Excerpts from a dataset
*** Block opens ***
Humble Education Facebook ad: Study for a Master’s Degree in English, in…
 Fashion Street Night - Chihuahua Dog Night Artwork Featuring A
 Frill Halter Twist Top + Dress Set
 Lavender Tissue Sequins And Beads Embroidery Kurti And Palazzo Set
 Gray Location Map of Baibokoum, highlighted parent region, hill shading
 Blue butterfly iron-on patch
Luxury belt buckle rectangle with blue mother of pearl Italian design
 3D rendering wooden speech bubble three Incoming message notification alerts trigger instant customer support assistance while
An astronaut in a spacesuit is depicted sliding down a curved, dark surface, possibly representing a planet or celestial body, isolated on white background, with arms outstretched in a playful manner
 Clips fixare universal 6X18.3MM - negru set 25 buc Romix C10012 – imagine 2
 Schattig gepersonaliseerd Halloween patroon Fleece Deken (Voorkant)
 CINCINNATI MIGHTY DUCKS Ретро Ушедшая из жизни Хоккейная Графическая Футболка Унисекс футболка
*** Block closes ***
REQUIRED WORK. Exactly the lines from the one with "3D rendering wooden" through the end of the entries, both included, should be written out, and no others.

ANSWER BELOW.
 3D rendering wooden speech bubble three Incoming message notification alerts trigger instant customer support assistance while
An astronaut in a spacesuit is depicted sliding down a curved, dark surface, possibly representing a planet or celestial body, isolated on white background, with arms outstretched in a playful manner
 Clips fixare universal 6X18.3MM - negru set 25 buc Romix C10012 – imagine 2
 Schattig gepersonaliseerd Halloween patroon Fleece Deken (Voorkant)
 CINCINNATI MIGHTY DUCKS Ретро Ушедшая из жизни Хоккейная Графическая Футболка Унисекс футболка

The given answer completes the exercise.